If using a pesticide, select the right one:
Pesticide labels describe the locations where a product can be used. When selecting a pesticide for a specific pest, look for that pest on the product label.

Read the entire label first:
Read the entire product label before you buy, mix, apply, store, and dispose of a pesticide. If you have questions, contact the manufacturer or NPIC.

Protect yourself:
Make sure you use all of the protective gear specified on the label. To reduce your risk further, you can wear additional protective gear. Wash your hands before eating, drinking, smoking, or using the restroom.

Protect people, pets, and the environment:
Ensure the application site is free of people, pets, toys, and food dishes.
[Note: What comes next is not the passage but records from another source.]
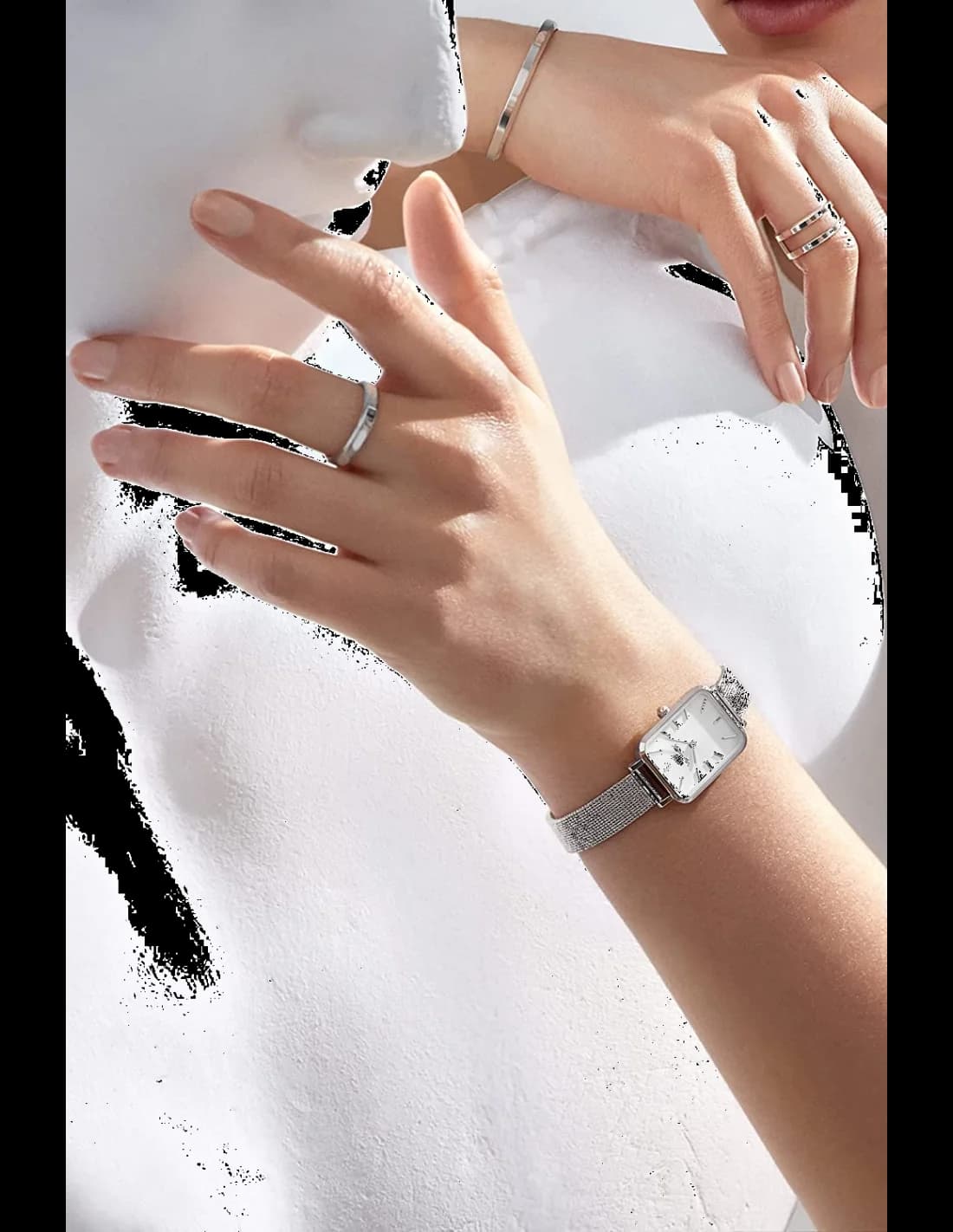 Cadran blanc de la montre Daniel Wellington DW00100438 en détail
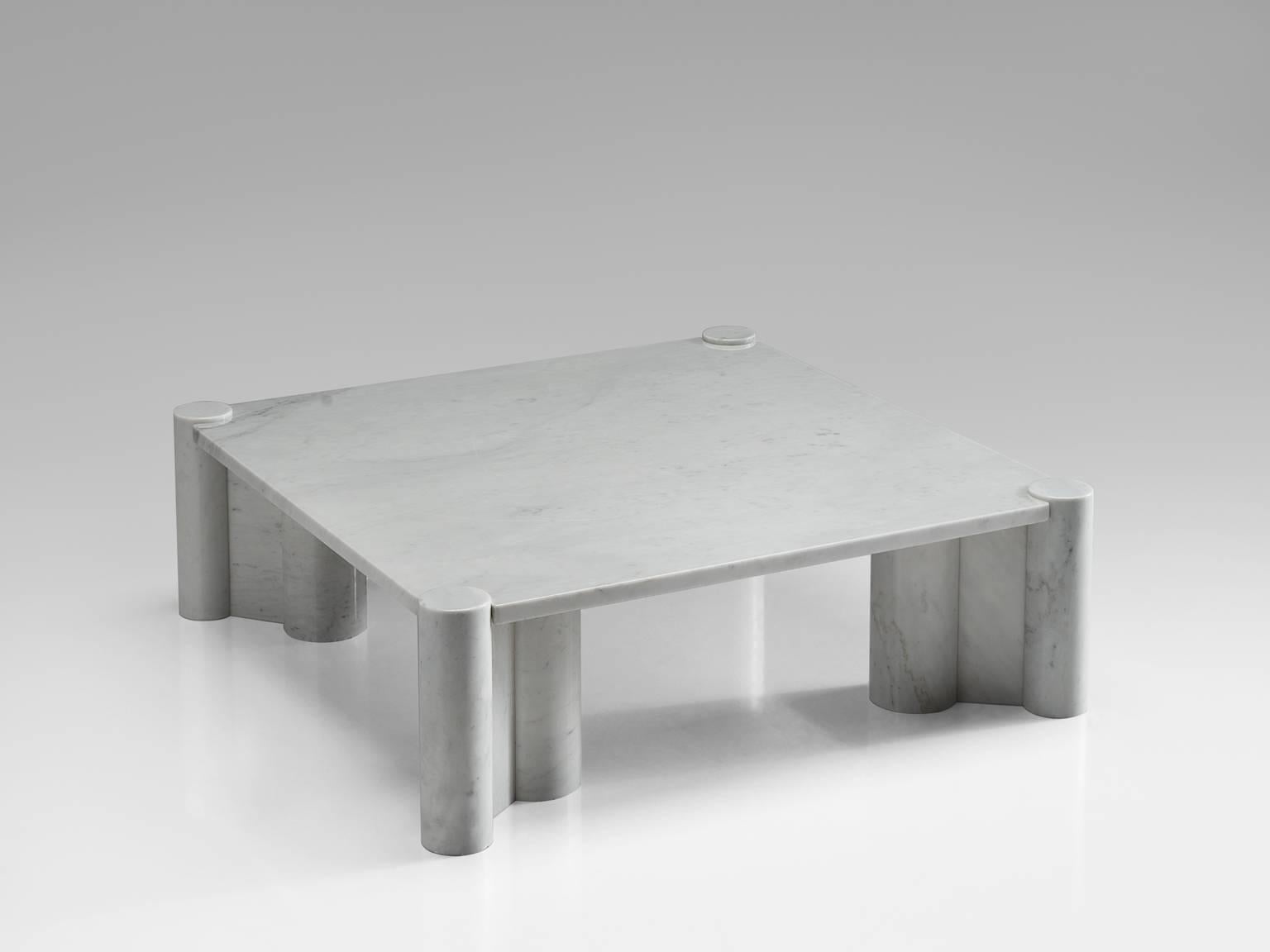 Coffee-table 'Jumbo', in Carrara Marble, designed by Gae Aulenti for Knoll International, United States, 1965. 

Sculptural marble coffee table by Italian architect and designer Gea Aulenti. Square tabletop with four cylindrical cluster legs. This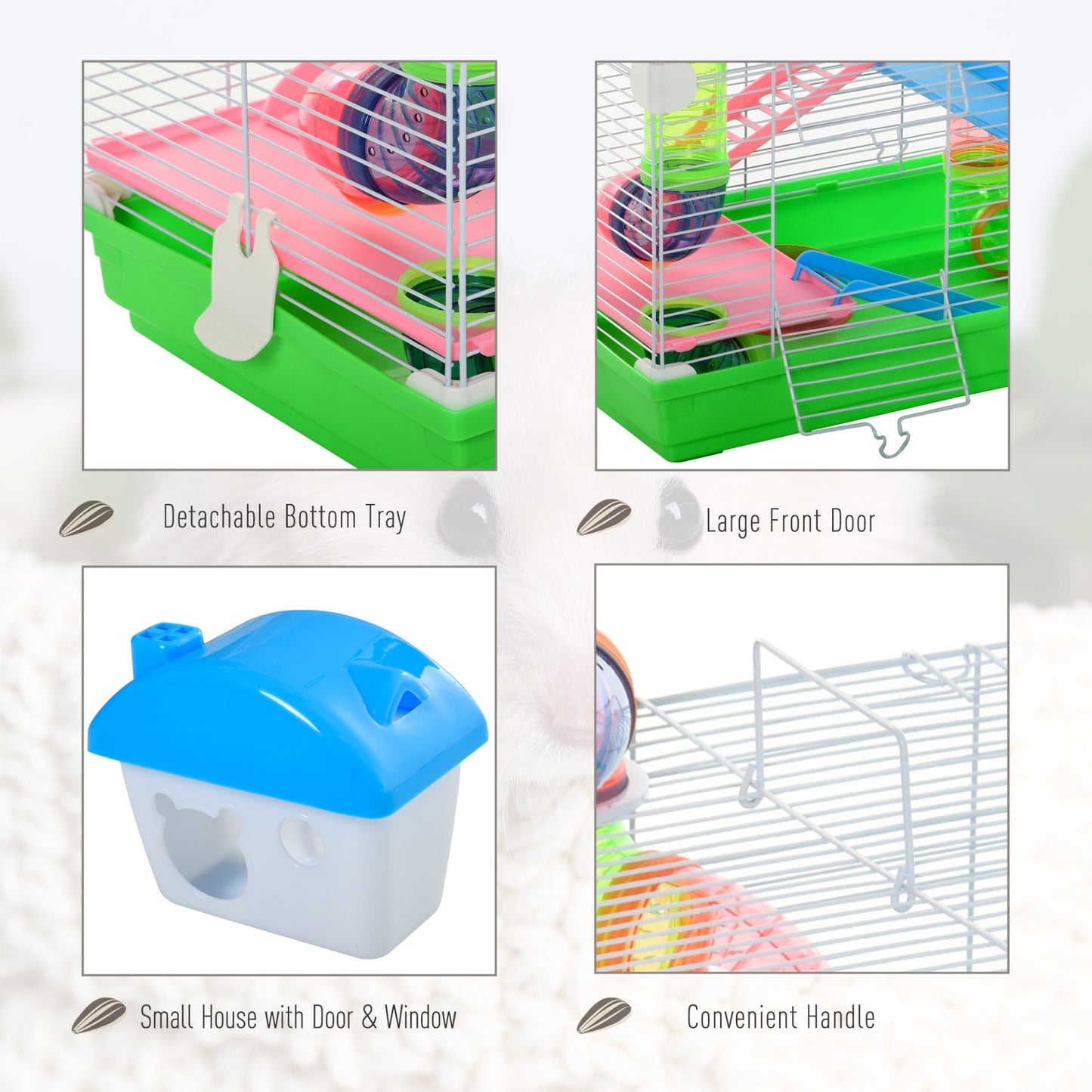 Pawhut 5 Tier Hamster Cage Carrier Habitat Small Animal House - Green - Baig Merchant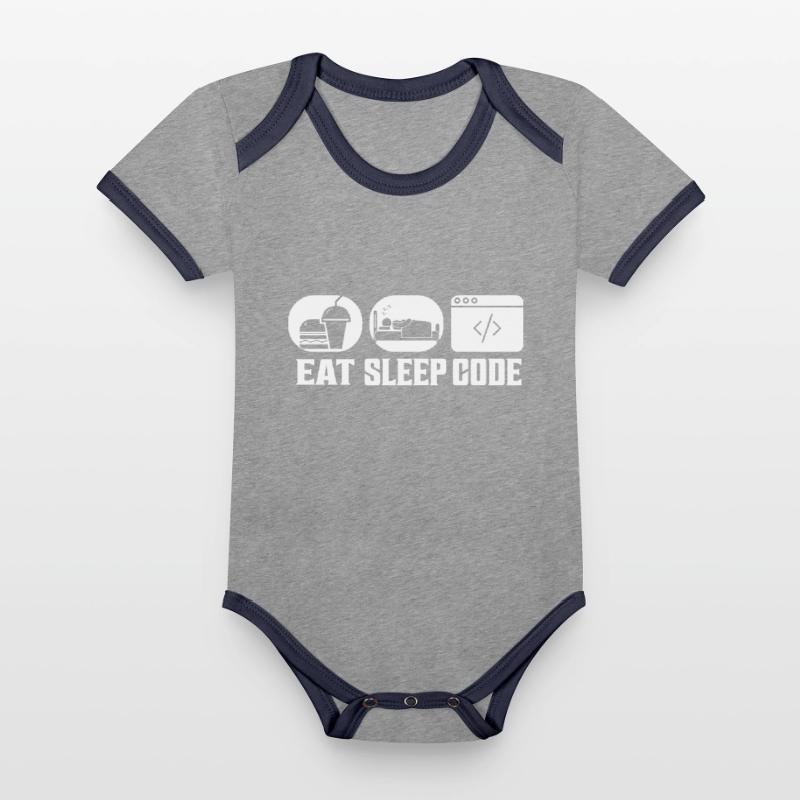 Eat Sleep Code Software Coding Baby Bio-Kurzarm-Kontrastbody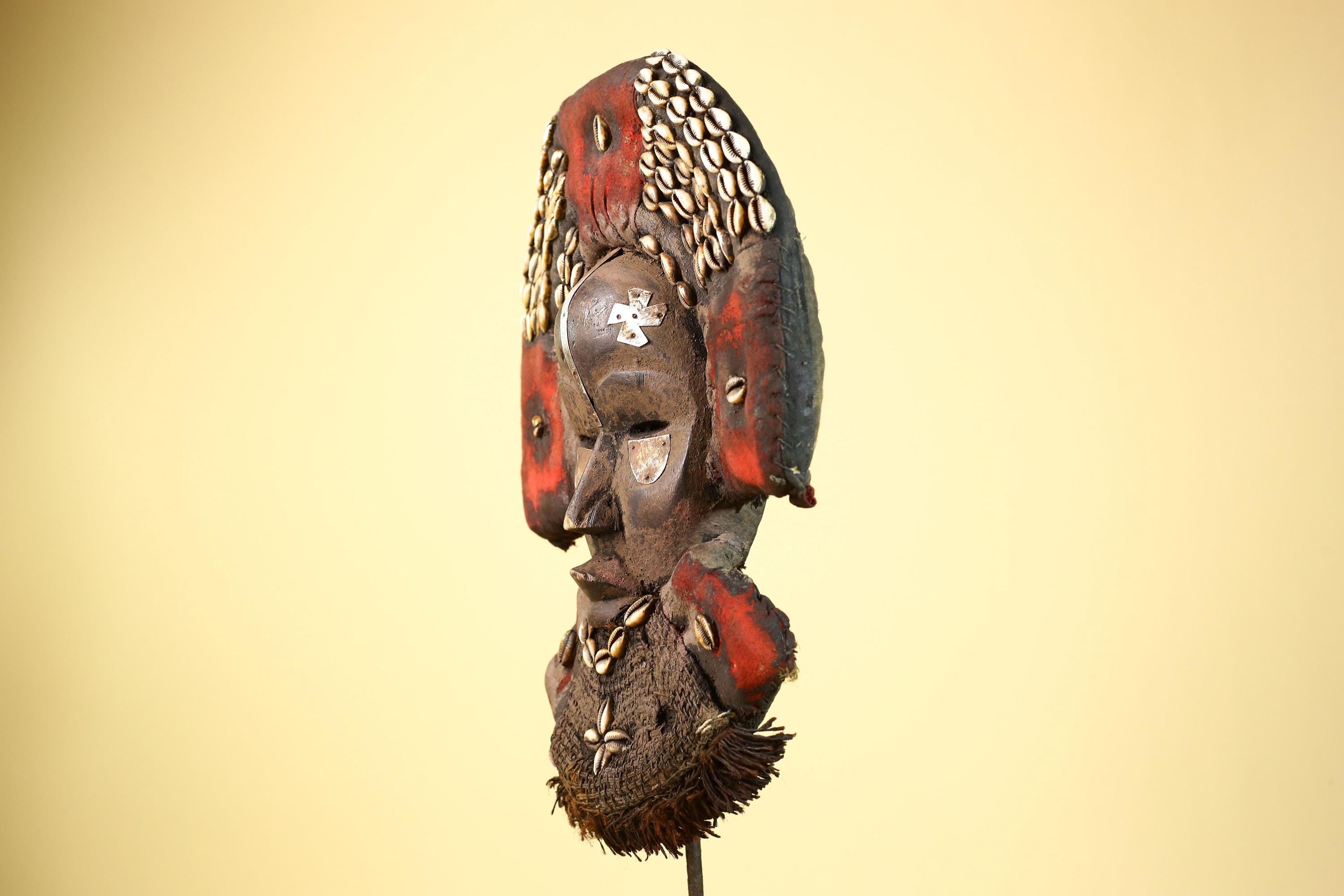 Vintage Dan African Tribal Mask Cowrie Shells Red Textile  Authentic Mask -G5998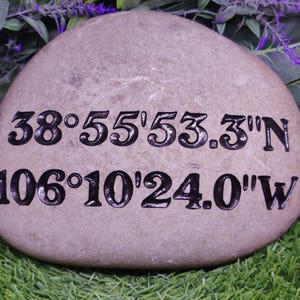 Puede incluir: Una piedra gris con letras negras, que muestra las coordenadas 38°55'53.3"N 106°10'24.0"W.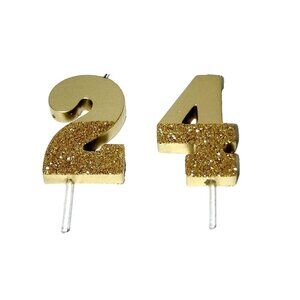 Gold Glitter Birthday Candle Number 2 Number 4
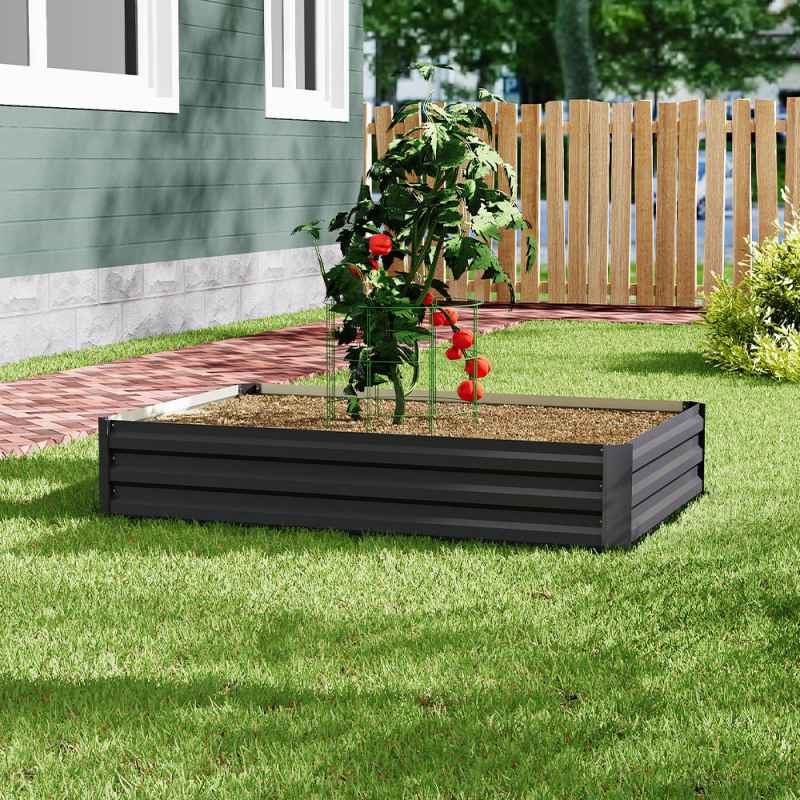 Living and Home Charcoal Black Rectangular Galvanised Steel Raised Garden Bed, 120cm W x 90cm D x 30cm H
Be careful when using pesticides around streams, wells, schools or edible garden plants.

Prevent drift:
To avoid drift, read the label directions, and only apply the product under the conditions specified on the label. Most pesticides cannot be applied when the temperature is high, when conditions are windy, or when it is raining.

Store and dispose of pesticides properly:
Buy only what you need this season; mix only what you need today. Store pesticides in areas inaccessible to children and pets, and consider locking the area. Follow the label directions for disposal.

Find ways to prevent pests:
Tactics may include eliminating food or shelter, sealing cracks and crevices that allow access, or including pest-resistant plants in your garden and keeping plants healthy.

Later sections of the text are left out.